3.Le Comité accueille avec satisfaction l’adoption par l’État partie des mesures législatives ci-après :

a)La modification, en avril 2016, de l’article 283 du Code pénal, introduisant une interdiction générale de la discrimination ;

b)L’adoption en novembre 2016 de la loi relative à l’Association des droits de l’homme du Liechtenstein, par laquelle a été mise en place une institution nationale des droits de l’homme indépendante conforme aux Principes concernant le statut des institutions nationales pour la promotion et la protection des droits de l’homme (Principes de Paris) ;

c)L’entrée en vigueur de la loi sur les partenariats enregistrés de couples de même sexe, en 2011.

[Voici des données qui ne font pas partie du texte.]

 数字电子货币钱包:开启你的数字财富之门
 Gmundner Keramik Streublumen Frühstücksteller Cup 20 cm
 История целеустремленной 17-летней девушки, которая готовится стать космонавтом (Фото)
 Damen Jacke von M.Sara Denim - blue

4.Le Comité note aussi avec satisfaction que l’État partie a ratifié les instruments internationaux suivants :

a)Le Protocole facultatif à la Convention relative aux droits de l’enfant établissant une procédure de présentation de communications, le 25 janvier 2017 ;

b)La Convention sur la réduction des cas d’apatridie, en 2009 ;

c)La Convention relative au statut des apatrides, en 2009.

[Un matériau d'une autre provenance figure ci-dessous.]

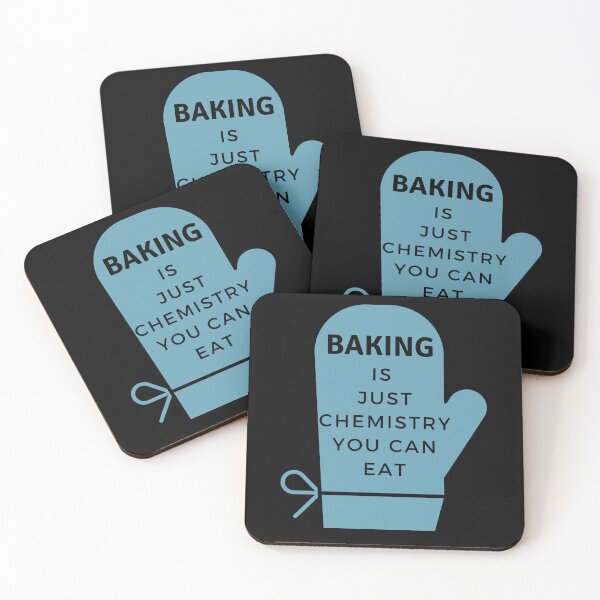 Item preview,  Baking Is Chemistry You Can Eat designed and sold by House-Of-Pinto.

C.Principaux sujets de préoccupation et recommandations

Formation relative au Pacte

5.Le Comité note que, si les juges et les membres du Bureau du Procureur reçoivent une formation sur le Pacte, aucune mesure de sensibilisation de ce type n’est prise à l’intention des avocats (art. 2).

6. L’État partie devrait poursuivre les efforts entrepris en vue de faire mieux connaître le Pacte aux avocats, de sorte que les dispositions de cet instrument puissent être invoquées devant les tribunaux nationaux et appliquées par ceux-ci.

Institution nationale de défense des droits de l’homme

7.Le Comité salue la promulgation de la loi portant création de l’Association des droits de l’homme du Liechtenstein mais s’inquiète de ce que les ressources financières qui lui sont allouées par l’État partie ne soient peut-être pas suffisantes pour lui permettre de s’acquitter efficacement de son vaste mandat. Si l’Association est libre de mobiliser des fonds supplémentaires, son aptitude à s’acquitter de toutes les fonctions qui lui sont confiées ne devrait pas dépendre des efforts de collecte de fonds en cours (art. 2).

8. L’État partie devrait :

a) Allouer à l’Association des ressources suffisantes pour couvrir tous les aspects de son mandat relatifs à la protection et la promotion des droits de l’homme, y compris la promotion de l’égalité entre hommes et femmes ;

b) Faire en sorte que la loi portant création de l’Association garantisse − plutôt qu’elle ne prévoie − que la composition de cet organe soit représentative du pluralisme et de la diversité de la société.

Réserves au Pacte

9.Le Comité note avec satisfaction que la réserve de l’État partie au paragraphe 3 de l’article 24 du Pacte a été retirée en 2009 mais il relève que l’État partie continue de maintenir ses réserves concernant des aspects importants des articles 14, 17 et 26 du Pacte. De l’avis du Comité, ces réserves ne sont pas nécessaires (art. 2).

10. L’État partie devrait envisager de re tirer ses réserves aux articles  14, 17 et 26 du Pacte.

Législation contre la discrimination

11.Le Comité note que le principe de l’égalité de traitement est proclamé dans la Constitution et se traduit par une série de textes législatifs, parmi lesquels les dispositions antidiscrimination de la législation du travail de l’État partie, l’article 283 du Code pénal tel que modifié, la loi sur l’égalité des sexes et la loi sur l’égalité de traitement des personnes handicapées. Il reste toutefois préoccupé par le fait que, outre l’article susmentionné du Code pénal, la législation interne ne prévoit aucune interdiction générale de la discrimination et la législation en vigueur relative à la lutte contre la discrimination ne comprend aucune disposition interdisant la discrimination multiple (art. 2 et 26).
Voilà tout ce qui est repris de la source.